- Born: 1953 Konya, Turkey
- Died: 2013 (aged 59–60) Adana, Turkey
- Cause of death: Aviation accident

= Murat Öztürk (aviator) =

Turkish aerobatics pilot and camera operator (1953-2013)

Murat Öztürk (1953 in Konya – 19 May 2013 in Adana) was a Turkish professional aerobatics pilot and former camera operator.

==Early life==
Murat Öztürk was born 1953 in Konya. He worked as a news camera operator at the state-run television channel of Turkish Radio and Television Corporation (TRT). On September 19th, 1976, Murat's father was on board Turkish Airlines Flight 452 when it crashed into a Mountain killing him and everyone else on board. Murat's professional life changed in 1985 when he was sent to Samandıra Airfield, Istanbul for a news footage on ultralight aviation. Afterwards, he took to flying ultralight aircraft, and acquired both pilot and instructor licenses.

==Aviator==
With a friend, Öztürk purchased an agricultural plot on the bank of Lake Büyükçekmece to convert it into an earthen sports airfield for his flight exercises. He soon left his post as a cameraman, and, with the financial support of a businessman, built an asphalt-covered airfield with hangars that became known as Istanbul Hezarfen Airfield, serving general aviation.

He co-founded the aviation company "Top Air", one of Turkey's first private flight training schools, which educated hundreds of professional and amateur pilots. He later completely took over Top Air. His daughter Pelin Öztürk acquired her pilot's license in 2011, and is working as a pilot-instructor in her father's flight school.

Combining his photography experience with flying, Murat Öztürk became Turkey's first ever aerial photographer, and was awarded for his aerial imagery.

==Aerobatic pilot==
In 2010, he became interested in aerobatics. In 2012, Öztürk crashed with his Pitts Special aerobatic biplane at Hezarfen Airfield. After recovering from his injuries, he returned to flying.

Since February 2013, Öztürk used to display aerobatics with his two-seat Pitts Special S-2B, registration TC-AYT, which he had purchased shortly before. After signing a sponsorship deal with an energy drink company in 2013, he performed his first aerobatic show above Maiden's Tower at Bosphorus on 28 April 2013. He then took part at an air show of the Turkish Stars and Solo Türk held on 12 May 2013 at Hezarfen Airfield.
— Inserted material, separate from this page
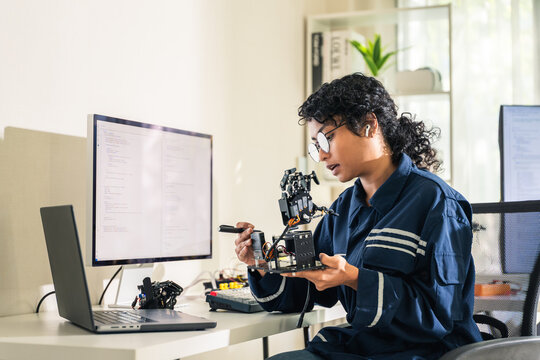 Female Engineer Developing Robotic Arm Prototype at Home Office Laboratory.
To join an air show at the 2nd International Air Games Festival (Uluslararası Hava Oyunları Festivali) in Adana, he took off from Istanbul Hezarfen Airfield on 15 May 2013. After a refueling stop at Eskişehir İnönü Airfield he flew to Ankara, where he visited the Directorate General of Civil Aviation. Öztürk arrived in Adana on 16 May, flying via Cappadocia in Nevşehir Province. In Adana, he performed a number of aerobatic shows over the city on 18 and 19 May in conjunction with the celebrations of the Commemoration of Atatürk, Youth and Sports Day.

==Death==
Öztürk died on 19 May 2013, when his plane crashed into the ground and caught fire while performing a diving manoeuvre during the air show in Adana. His body was taken to Istanbul, where he was buried at the Eyüp Cemetery. He is survived by his wife Nilgün and daughter Pelin.